*Work to complete:*
Write out every record exactly as it appears. Skip the pictures.
** Records for the task follows **
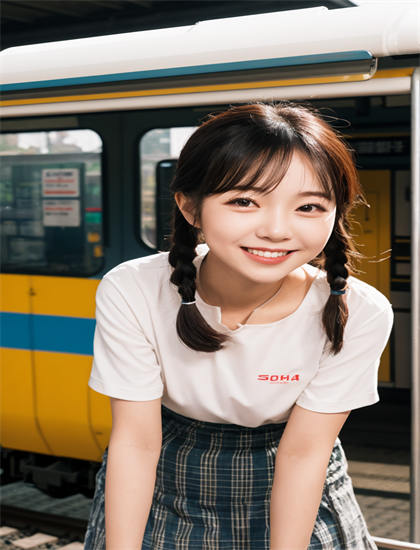 播播影院私人影院1_女人的香气电视剧_禁18怕啦啦啦视频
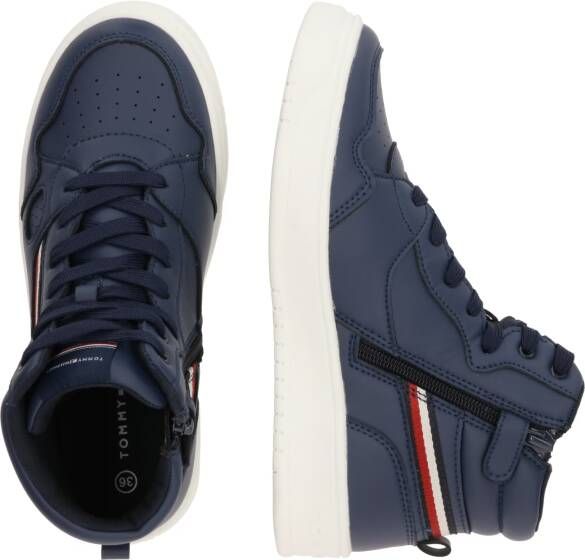 Tommy Hilfiger Sneakers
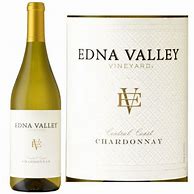 Image result for Hangtime Chardonnay Edna Valley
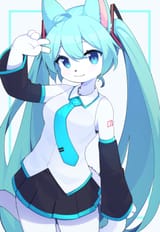 hatsune-miku-v0-ax3dj86o20da1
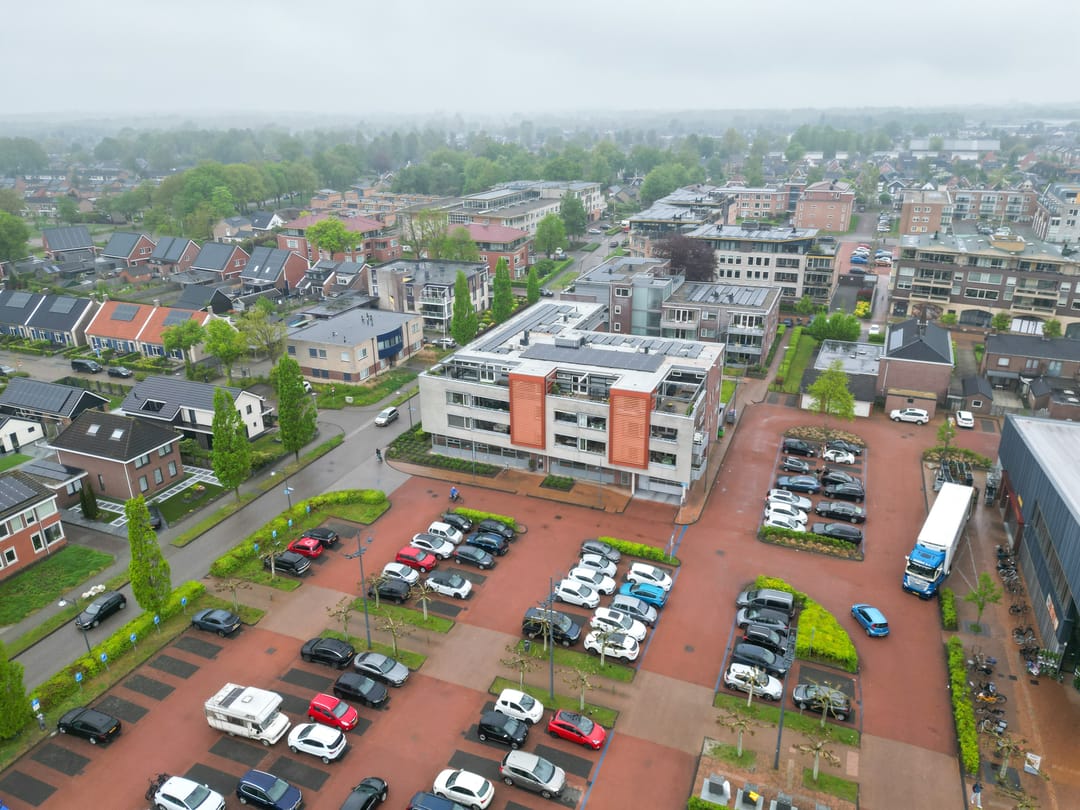 Photo 61 of Westerstraat 4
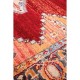 BOHEMIAN 81C - 67149 BOHEMIAN 81C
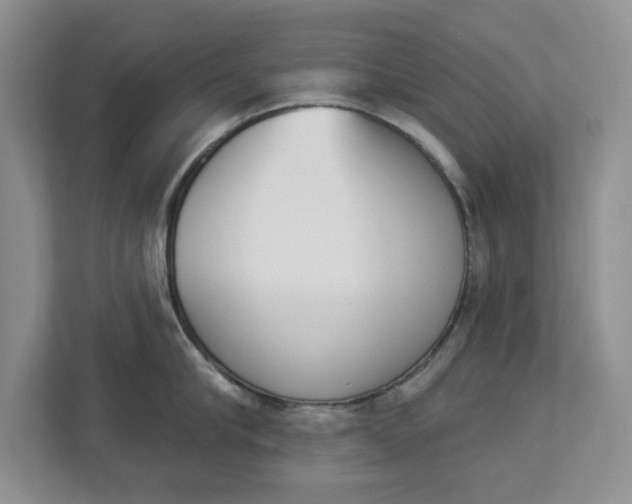 X0000112840910200909041520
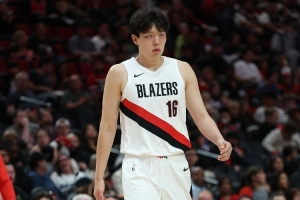 解說：過度關(guān)注小楊私生活的人那就是私生飯 明朝覆滅怪陳圓圓？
** End of Records for the task **
*Task output:*
 播播影院私人影院1_女人的香气电视剧_禁18怕啦啦啦视频
 Tommy Hilfiger Sneakers
 Image result for Hangtime Chardonnay Edna Valley
 hatsune-miku-v0-ax3dj86o20da1
 Photo 61 of Westerstraat 4
 BOHEMIAN 81C - 67149 BOHEMIAN 81C
 X0000112840910200909041520
 解說：過度關(guān)注小楊私生活的人那就是私生飯 明朝覆滅怪陳圓圓？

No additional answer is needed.